Apesar de elogiar o sistema brasileiro, Janine também reconhece suas limitações, como a recente aprovação de projetos controversos no Congresso, incluindo a castração química. No entanto, ele acredita que medidas como essa serão barradas pelo STF, reforçando a importância de um Judiciário independente.

O valor das instituições

Ao finalizar sua análise, Janine reflete sobre o papel central das instituições: “Uma instituição serve para ela não depender inteiramente do indivíduo que está no poder, nós temos líderes fortes no Brasil […] agora, nenhum deles se tornou a imagem pura do Estado brasileiro, porque sempre ficou claro que havia poderes institucionais que davam essa estabilidade ao Estado, e esse ponto é muito importante”, diz Janine Ribeiro.

“É isso que sustenta uma democracia funcional.
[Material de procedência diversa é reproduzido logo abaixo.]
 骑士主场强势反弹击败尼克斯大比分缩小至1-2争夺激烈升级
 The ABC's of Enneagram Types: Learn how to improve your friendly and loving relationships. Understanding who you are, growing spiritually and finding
No Brasil, por mais que haja desafios, as instituições estão cumprindo seu papel de moderar e equilibrar o poder. Já nos EUA, o futuro é incerto e potencialmente perigoso”.

“Como será nos Estados Unidos com um governante que agora, num segundo mandato, tendo aprendido muita coisa, tendo se livrado dos poucos expoentes moderados do seu governo anterior, está disposto a destruir tudo, a fazer tudo que lhe der na telha, como Trump? A gente não sabe, mas antevê que pode ser perigoso”.

A comparação proposta por Renato Janine Ribeiro serve como um alerta para a importância de preservar e fortalecer as instituições democráticas, tanto no Brasil quanto nos Estados Unidos, como pilares de estabilidade e garantia dos direitos humanos.